SimCLR: Contrastive Learning of Visual Representations

6 min readMar 6, 2020

Semi-supervised learning is finally getting all the attention it deserves. From vision-based tasks to Language Modeling, self-supervised learning has paved a new way of learning (much) better representations. This paper, SimCLR, presents a new framework for contrastive learning of visual representations.

Contrastive Learning

Before getting into the details of SimCLR, let’s take a step back and try to understand what “contrastive learning” is. Contrastive learning is a learning paradigm where we want to learn distinctiveness. We want to learn what makes two objects similar or different. And if two things are similar, then we want the encodings for these two things to be similar as well.

When I train a network for some task, say classification, I am already forcing my network to learn discriminative features, right?

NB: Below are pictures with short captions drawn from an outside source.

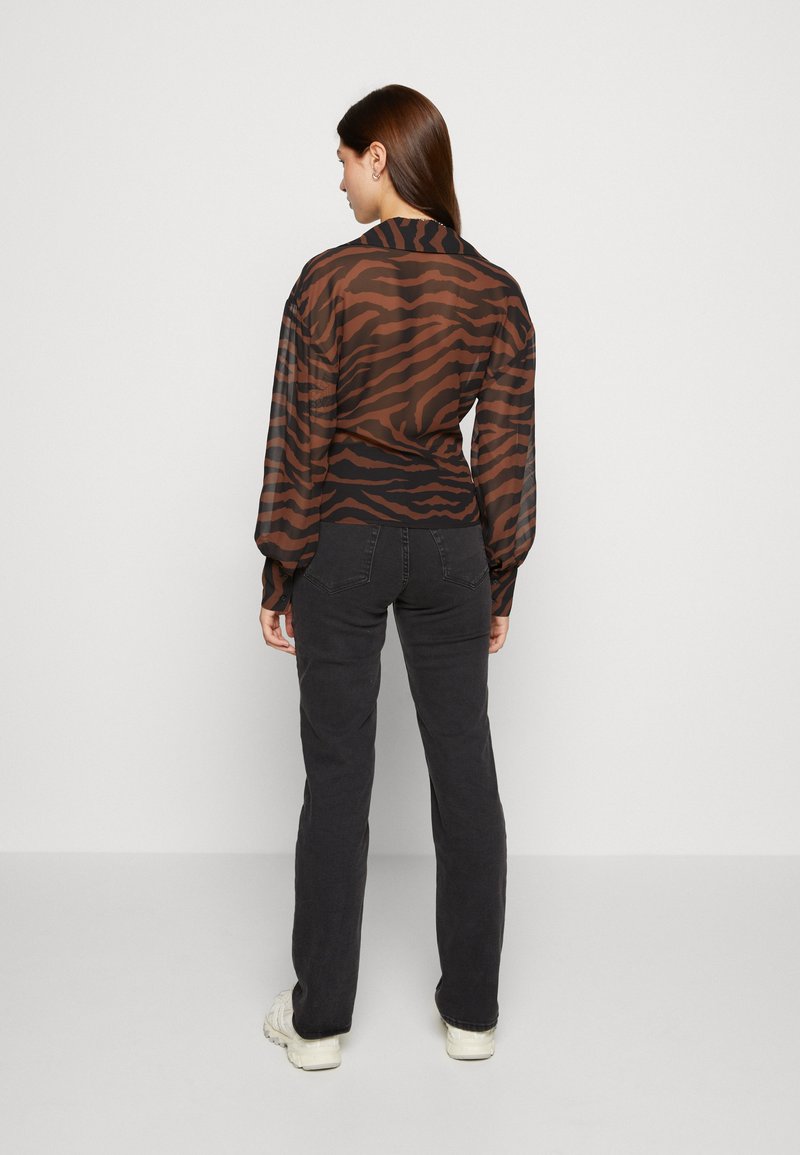 Gina Tricot SIVAN BLOUSE - Bluse - Brown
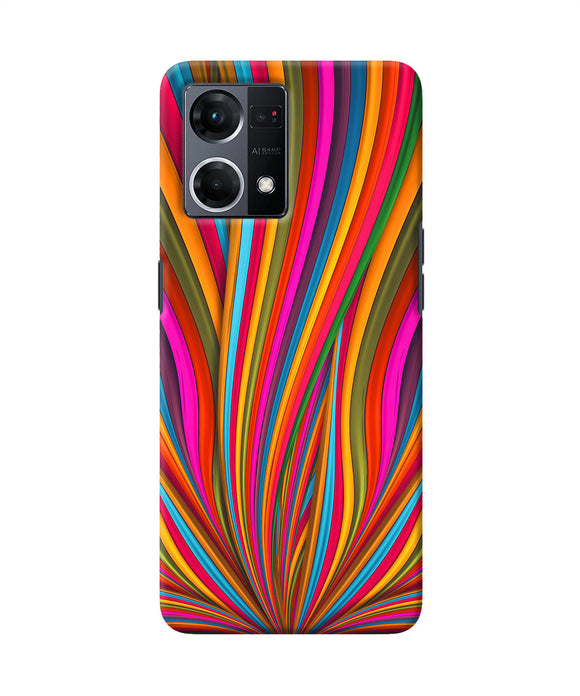 Colorful pattern Oppo F21 Pro 4G Back Cover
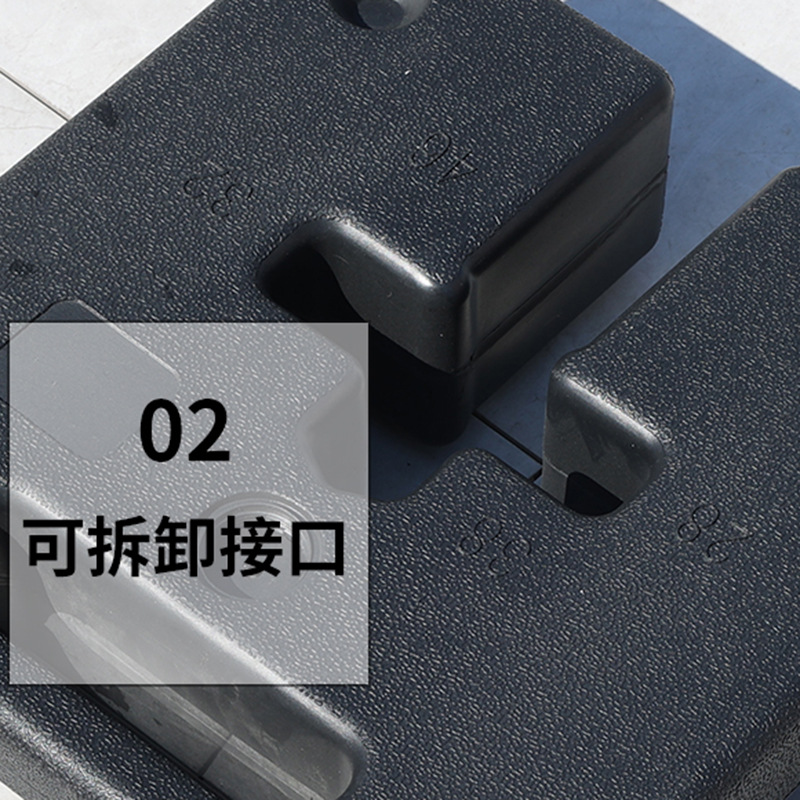 Outdoor umbrella base, Roman umbrella tent, tablet water tank base, water-filling base, umbrella base, HDPE sun umbrella base Specification image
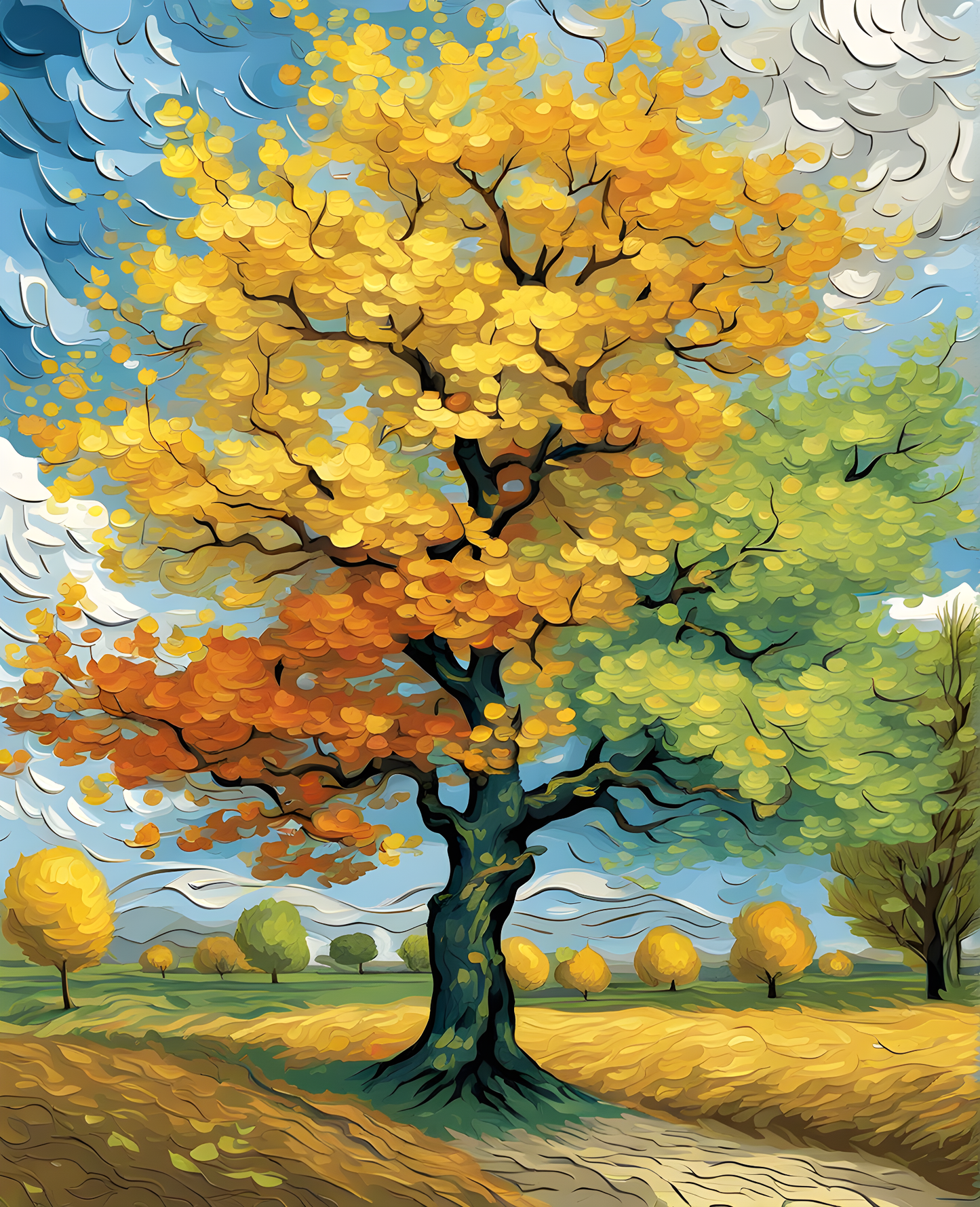 Four Seasons Tree (1) - Van-Go Paint-By-Number Kit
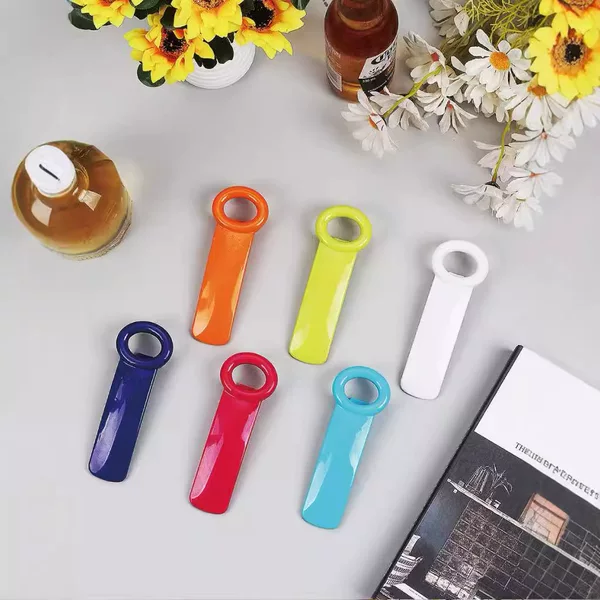 Cross-border hot multi-function can opener beer bottle opener factory direct in stock plastic color bottle opener creative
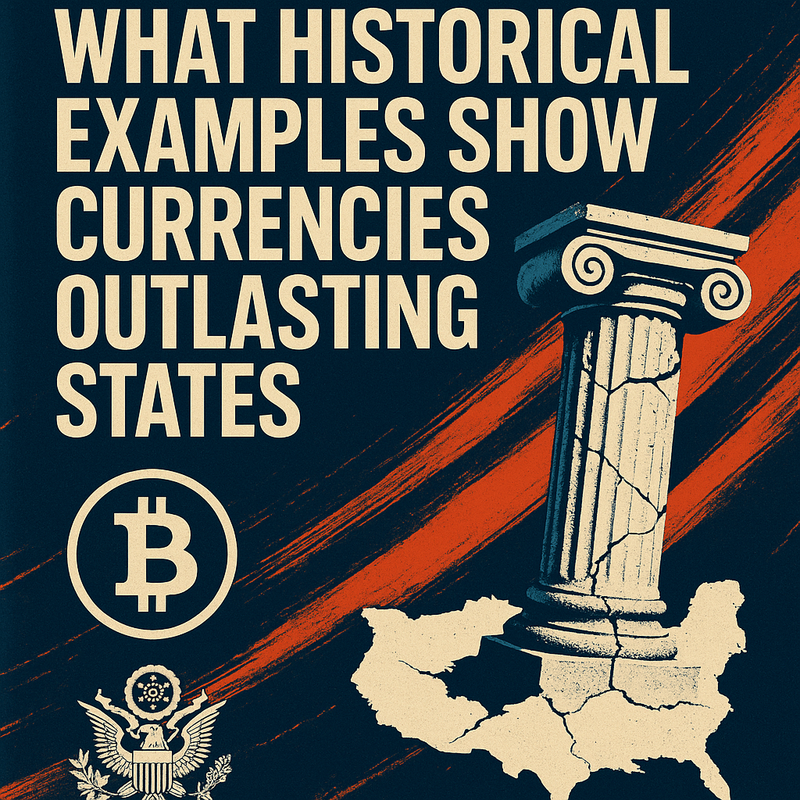 What historical examples show currencies outlasting states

Sometimes high-level features alone aren’t enough to learn good representations, especially when semantics come into play. For example, take a look at this Kaggle Competition. Features like shape and color of the tail of a whale aren’t enough to uniquely identify its species because the semantics for the tails of all whales are very similar. We need more to know what makes two tails distinct.

Let’s take another example. Suppose a person is doing a backflip in two different photos, say in one photo he is doing a backflip on a beach and in the second one he is doing a backflip in the street. If the task is to generate captions and your network outputs “A person is doing a backflip”, then this isn’t a very good caption as it doesn’t take care of the global context (beach vs street).

So, if you want to learn distinctiveness, high-level features alone aren’t good enough and you want both local and global features to be taken into context for better encoding and better representations.

Proposed Contrastive Learning Framework

SimCLR learns representations by maximizing the agreement between differently augmented views of the same data example via contrastive loss in the latent space. It has four major components:

Data augmentation module: This module transforms any given data example stochastically generating two correlated views of the same example, denoted by xi and xj. Here the authors used three simple augmentations: random cropping followed by reseizing to the original size, random color distortions, and random Gaussian blur.
Base Encoder: ResNet-50 is used as the base neural network encoder for extracting representation vectors from the augmented data examples. The output of the last average pooling layer used for extracting representations.
Projection Head: A small neural network, MLP with one hidden layer, is used to map the representations from the base encoder to 128-dimensional latent space where contrastive loss is applied. ReLU is the activation function used in this projection head.
Contrastive Loss Function: Given a set of examples including a positive pair of examples (xi and xj), the contrastive prediction task aims to identify xj in the given set for a given xi.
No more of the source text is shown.